*Exercise requirements:*
Only the lines from the one containing "Gehe zu Vollbildansicht: Bayer" to the end of the listing below should be returned, exactly as written and without pictures.

/---

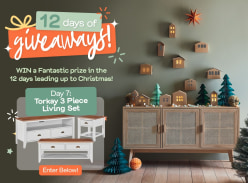 Win a $2000, 1 of 3 $1000, 1 of 2 $500 Gift Cards, Various Furniture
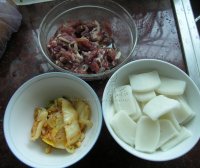 奶酪泡菜炒年糕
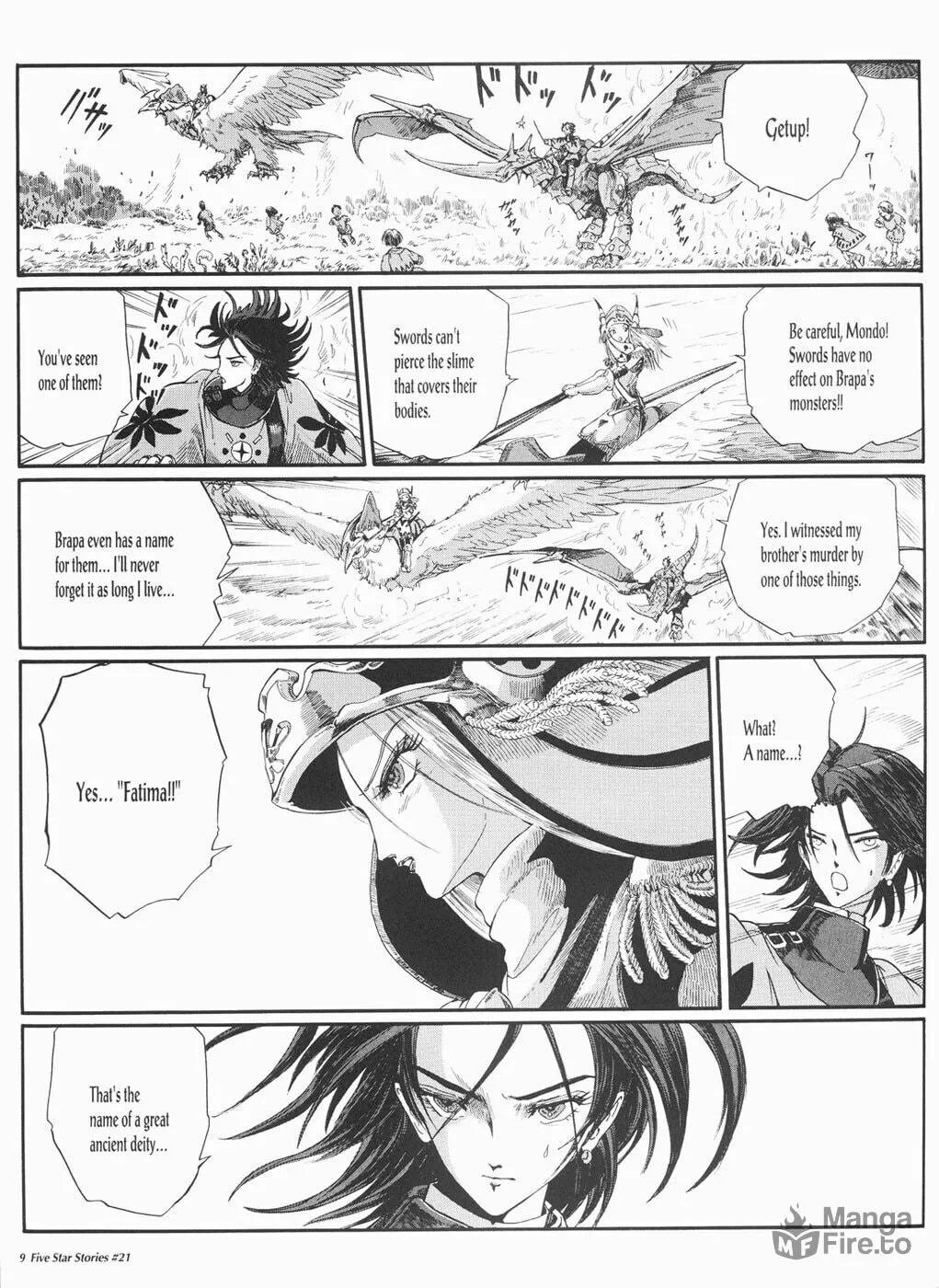 Read The Five Star Stories chapter 21 image 9 on Lezhin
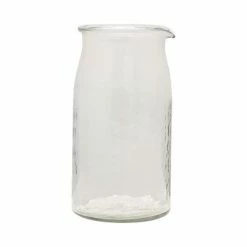 Creative COOP Glass Pitcher Vases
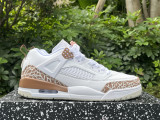 Authentic Jordan Spizike Low GS White/Brown/Pink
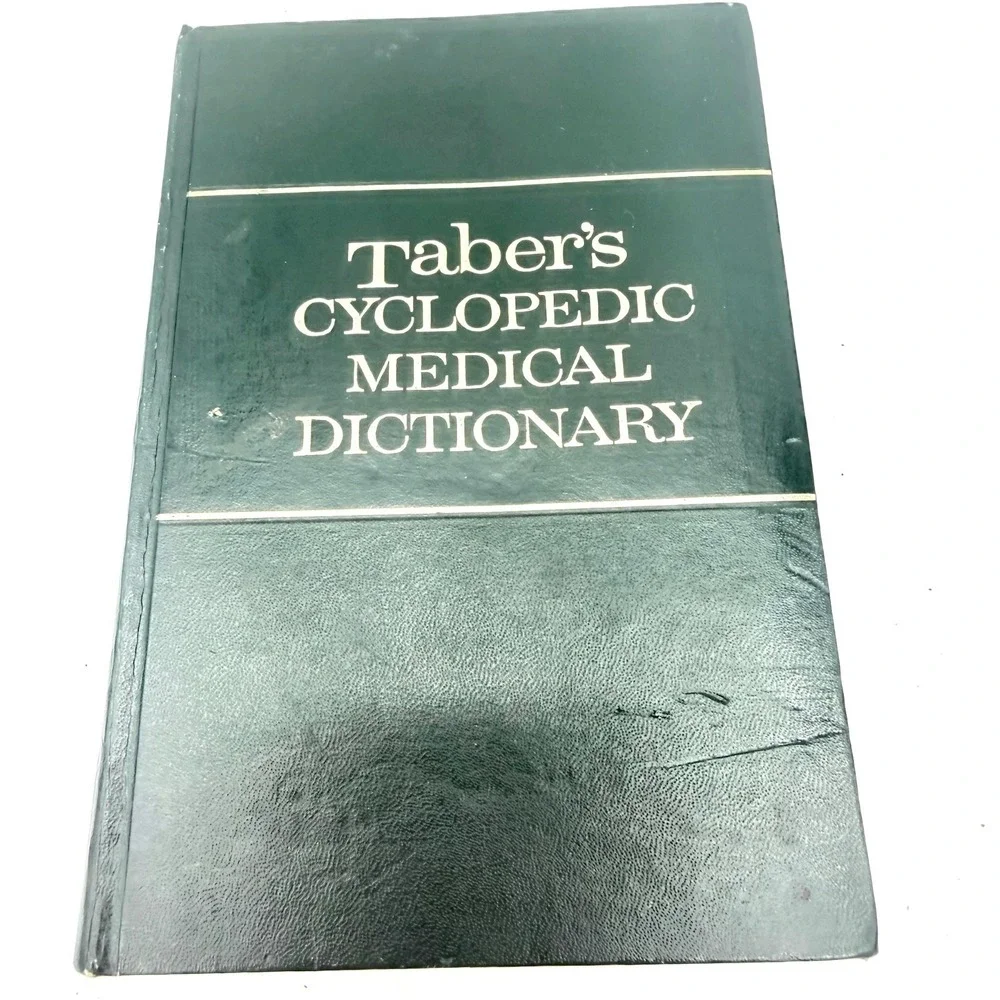 Tabers Cyclopedic Medical Dictionary 12th Edition Illustrated 1974 Thumb Indexed
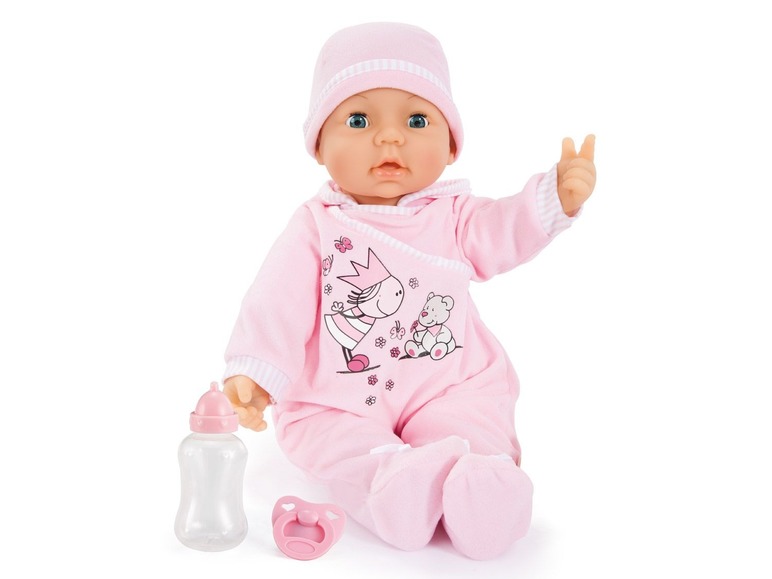 Gehe zu Vollbildansicht: Bayer Design Funktionspuppe Hello Baby - Bild 2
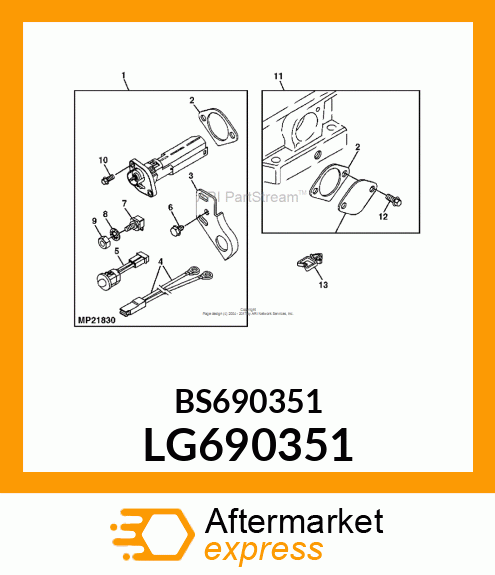 Screw Hex LG690351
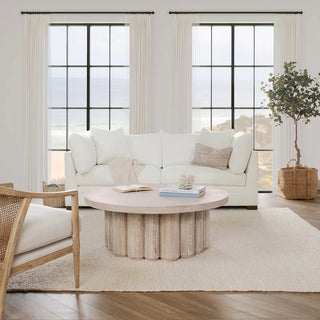Audrey Upholstered Sofa Rise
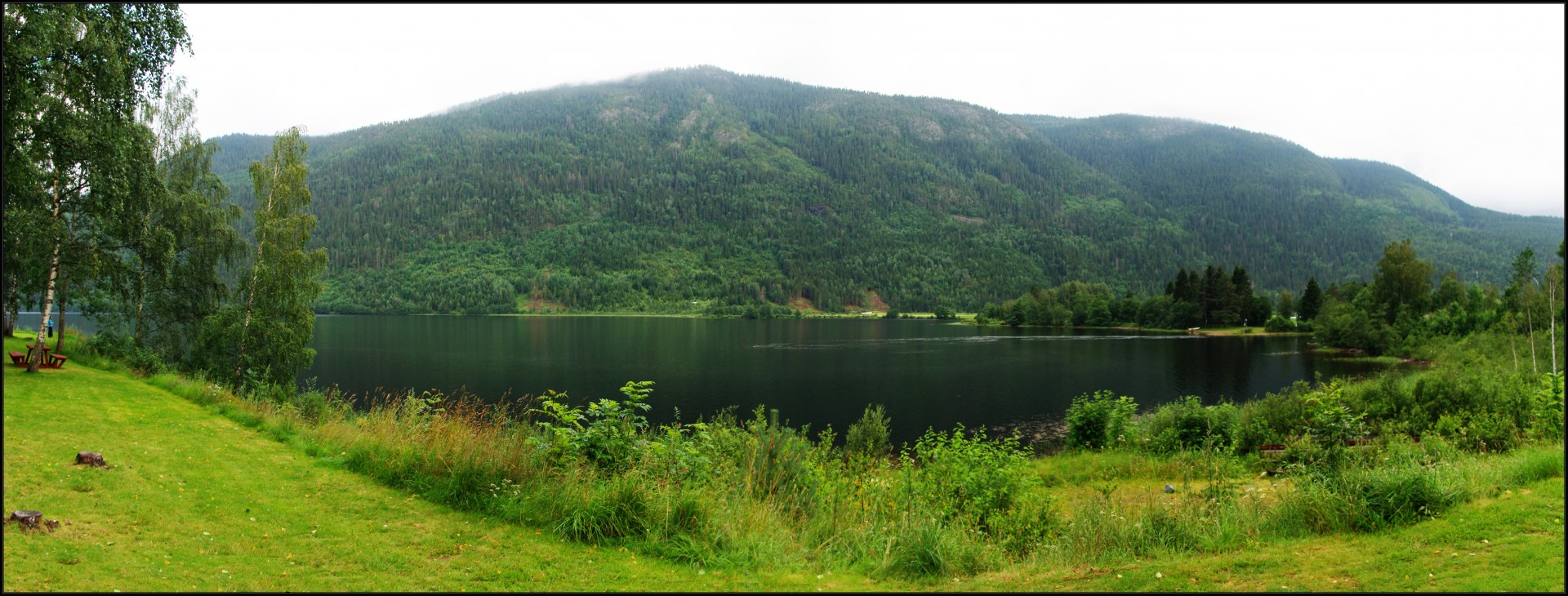 norway panorama view free photo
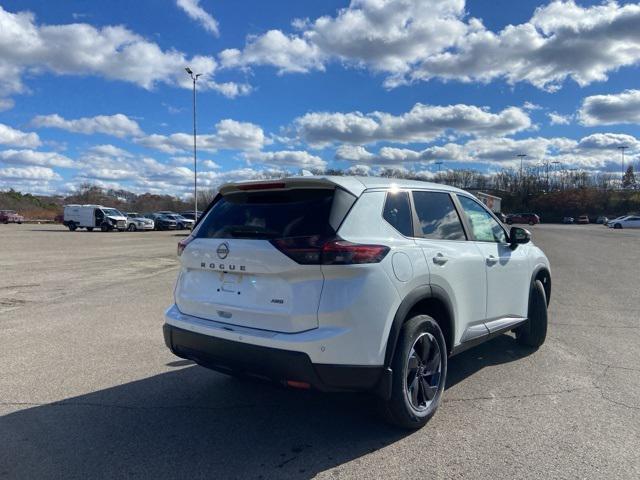 new 2025 Nissan Rogue car, priced at $32,817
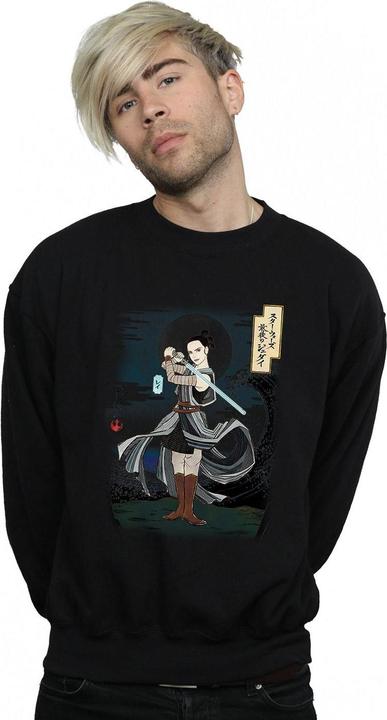 Produktbild Star Wars The Last Jedi Japanese Rey Sweatshirt (S)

\---

*Answer below:*
 Gehe zu Vollbildansicht: Bayer Design Funktionspuppe Hello Baby - Bild 2
 Screw Hex LG690351
Audrey Upholstered Sofa Rise
 norway panorama view free photo
 new 2025 Nissan Rogue car, priced at $32,817
 Produktbild Star Wars The Last Jedi Japanese Rey Sweatshirt (S)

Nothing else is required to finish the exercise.